By RENEE SUMMERS, A&E Editor
Who doesn’t like Tom Hanks? The actor, who also produces and directs, has depicted some memorable characters on the big screen. In addition, he has portrayed some real-life personalities such as Walt Disney, Captain Richard Phillips and Texas congressman Charlie Wilson.
In 2016, Hanks brought to the big screen Chesley “Sully” Sullenberger. His performance was noteworthy but the brevity of the film Sully leaves the viewer feeling as if something is lacking.
It was January of 2009 when U.S. Airways pilot “Sully” Sullenberger and his co-pilot Jeff Skiles brought struggling flight 1549 to rest safely on the Hudson River after losing both engines shortly after takeoff from New York’s LaGuardia Airport. The event made headlines for days and Sully was hailed as a hero, as all 155 passengers and crew aboard survived the ordeal. The film Sully was directed and produced by Clint Eastwood and is based on Sullenberger’s autobiography. Co-pilot Skiles is portrayed by actor Aaron Eckhart and Lorraine Sullenberger is played by Laura Linney. Both do a marvelous job.

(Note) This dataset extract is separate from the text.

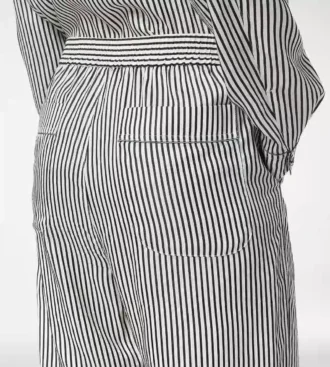 Striped Silk Pj Pants with Piping
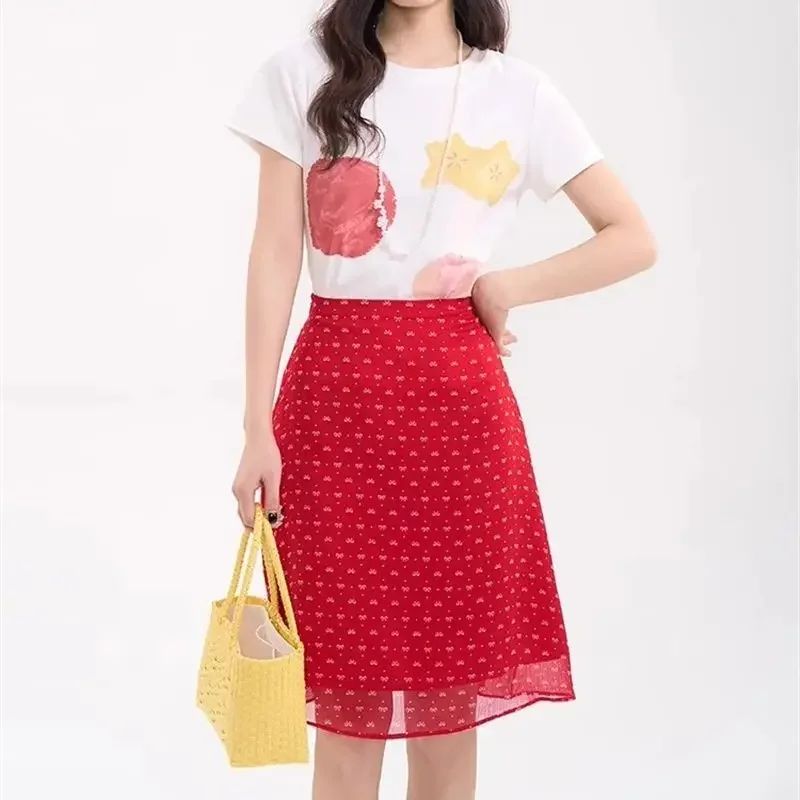 ใหม่หวานเกาหลีแฟชั่นฤดูร้อนกระโปรงผู้หญิงพิมพ์สูงเอว Slim Casual A-Line กระโปรงชีฟอง Faldas Mujer Jupe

The cast is rounded out by actors Mike O’Malley, Anna Gunn and Jamey Sheridan, who portray NTSB investigators Charles Porter, Elizabeth Davis and Ben Edwards, respectively.

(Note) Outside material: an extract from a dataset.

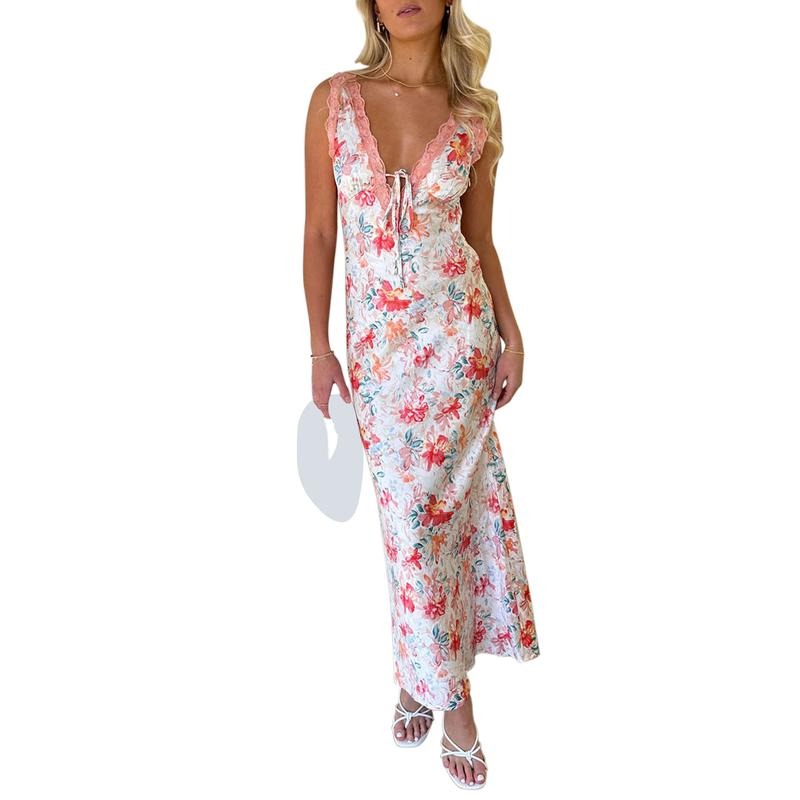 Women's Long Tank Dress Slim Flower Print Lace Trim Deep V Neck Sleeveless Backless Dress for Party Club Wedding Formal Lady Polyester Womenswear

Actor O’Malley’s portrayal of Charles Porter is supreme as you can’t help but hate the guy for attempting to argue that Sully had done something wrong in landing the plane on the river and saving the lives on board. Gunn’s turn as Elizabeth Davis of the NTSB also makes the viewer want to throw a rubber brick at the screen as she stands by Porter, wagging her finger and insisting Sully was wrong not to have attempted to return to LaGuardia, which Sully maintains throughout the film would have been impossible.
The film takes us on four flashbacks to the day of the event and cinematographer Tom Stern’s excellent work with the camera is displayed in dramatic scenery and stunning visuals, especially as the airplane lands on the water. We see the angst in Sully’s face as he wonders to himself if he really did the right thing. We see Sully’s wife, frustrated and anxious at the media circus engulfing her family.

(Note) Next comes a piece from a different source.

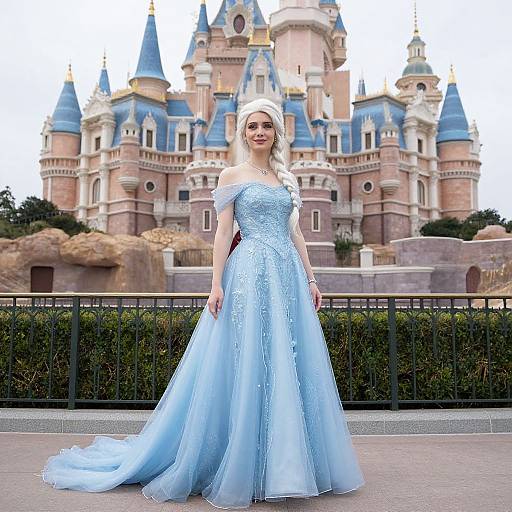 Woman in Blue Elsa Gown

When the film ends, it almost seems too sudden. But apparently there is only so much you can do to fluff up 208 tense seconds on a struggling aircraft and stretch it out into a feature length film.
Total running time is 96 minutes, and while the story is brief, the actors make up for it. Unless you are really interested in what happened to U.S. Airways flight 1549 in 2009, the only reason to pop this into your DVD player is to see splendid actors at work, especially Hanks.